Given a 2-dimensional array of positive and negative integers, find the sub-rectangle with the largest sum. The sum of a rectangle is the sum of all the elements in that rectangle. In this problem the sub-rectangle with the largest sum is referred to as the maximal sub-rectangle. A sub-rectangle is any contiguous sub-array of size 1 × 1 or greater located within the whole array.

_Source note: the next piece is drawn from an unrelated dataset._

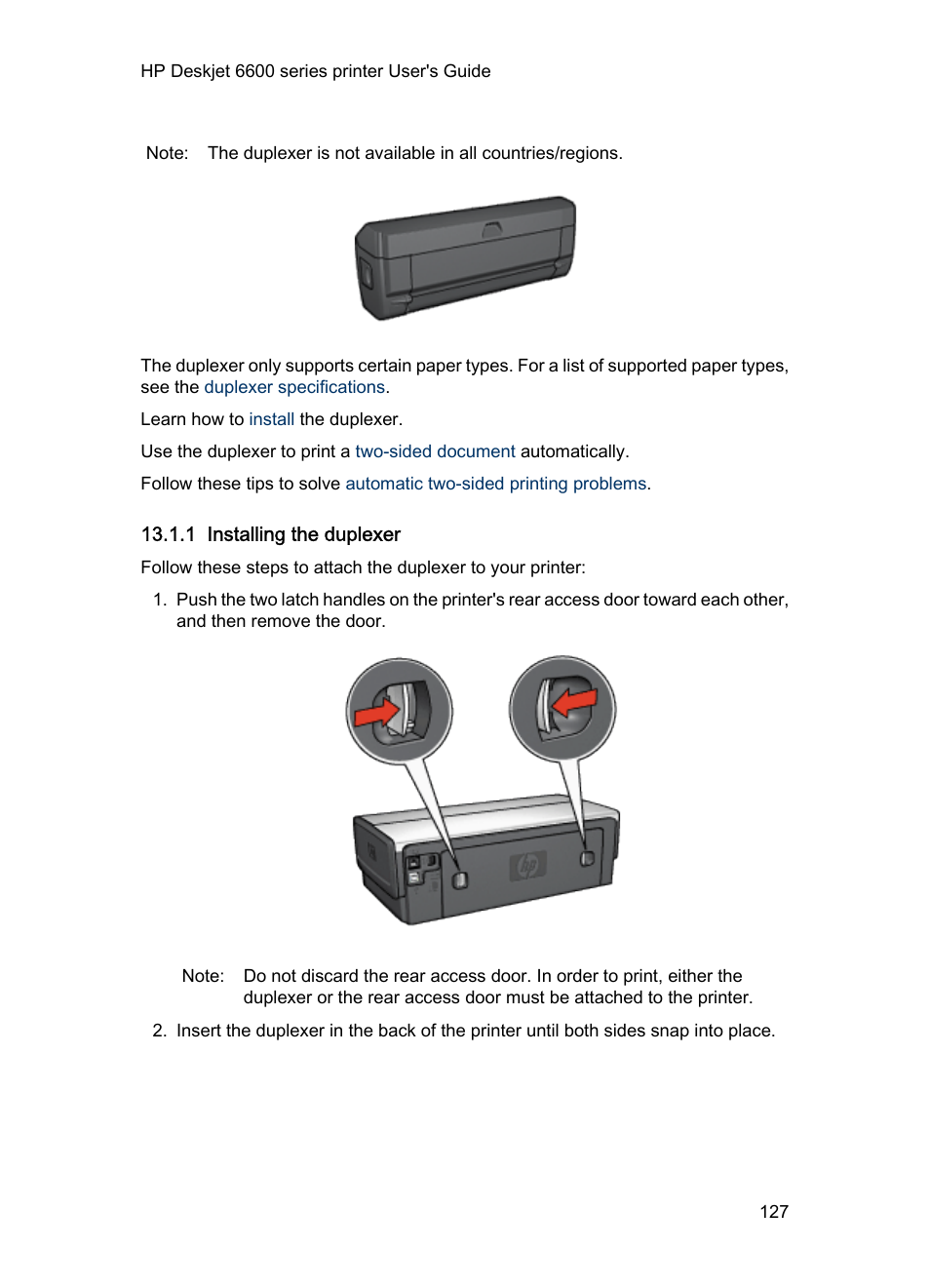 1 installing the duplexer | HP Deskjet 6620 Color Inkjet Printer User Manual | Page 127 / 157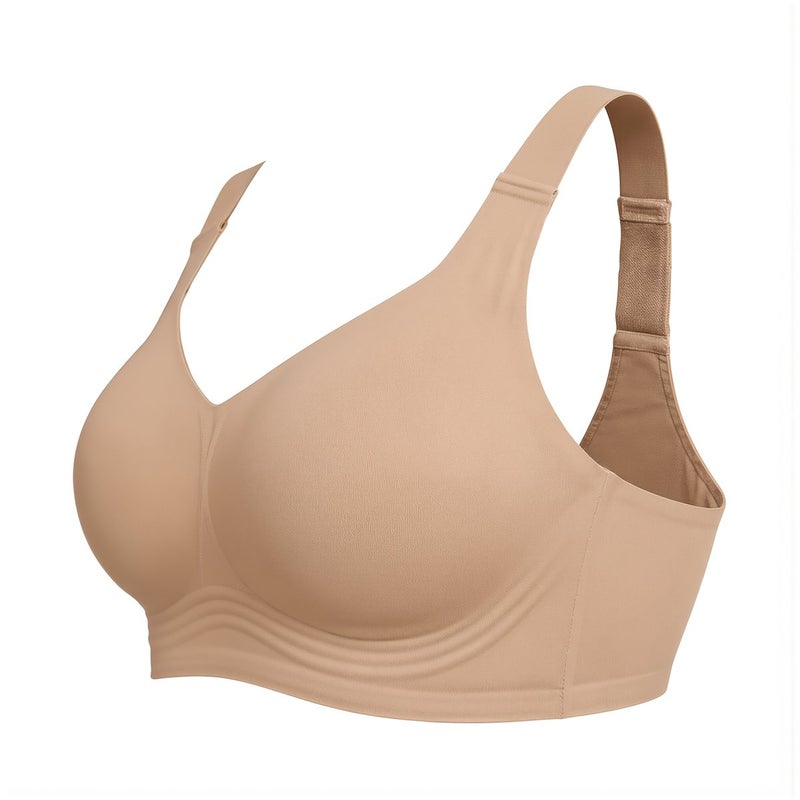 Wireless Sports Bra for Women 3XL Yoga Sleep Daily Wear Beige Breathable Support - Image 5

As an example, the maximal sub-rectangle of the array:

0	−2	−7	0
9	2	−6	2
−4	1	−4	1
−1	8	0	−2

is in the lower-left-hand corner and has the sum of 15.

Input

The input consists of an N × N array of integers. The input begins with a single positive integer N on a line by itself indicating the size of the square two dimensional array. This is followed by N² integers separated by white-space (newlines and spaces). These N² integers make up the array in row-major order (i.e., all numbers on the first row, left-to-right, then all numbers on the second row, left-to-right, etc.). N may be as large as 100. The numbers in the array will be in the range [−127, 127].

Output

The output is the sum of the maximal sub-rectangle.

Sample Input

input	output
4 0 -2 -7 0 9 2 -6 2 -4 1 -4 1 -1 8 0 -2	15

Dp:

　　　因为所求之和为矩阵和，所以必须满足行数相邻，每行起点终点相同，即需要构造dp[i][j][k],表示矩阵行数以终点为i，以j为起点，k为终点的矩阵最大和，sum值记录该i行起点为for(k--),终点为k的矩阵和。当然同样可以枚举以k为起点的矩阵和，同理。

　　　复杂度O(n3);

#include<cstdio>
#include<cstring>
#include<algorithm>
#include<iostream>
const int INF = 0x3f3f3f3f;
using namespace std;
int a[105][105];
int dp[105][105][105];
int main(){
    int n;
    scanf("%d", &n);
    for(int i = 1; i <= n; i++){
        for(int j = 1; j <= n; j++){
            scanf("%d", &a[i][j]);
        }
    }
    int ans = -INF;
    for(int i = 1; i <= n; i++){
        for(int j = 1; j <= n; j++){
            int sum = 0;
            for(int k = j; k >= 1; k--)//枚举以k为终点;//（for(int k = j; k <= n; j++)//这是枚举k为起点;）
　　　　　　　 {
                sum += a[i][k];//sum值记录第i行以k为终点的矩阵和;
                dp[i][j][k] = max(sum,sum+ dp[i-1][j][k]);
                ans = max(ans, dp[i][j][k]);
            }
        }
    }
    printf("%d", ans);
    return 0;
}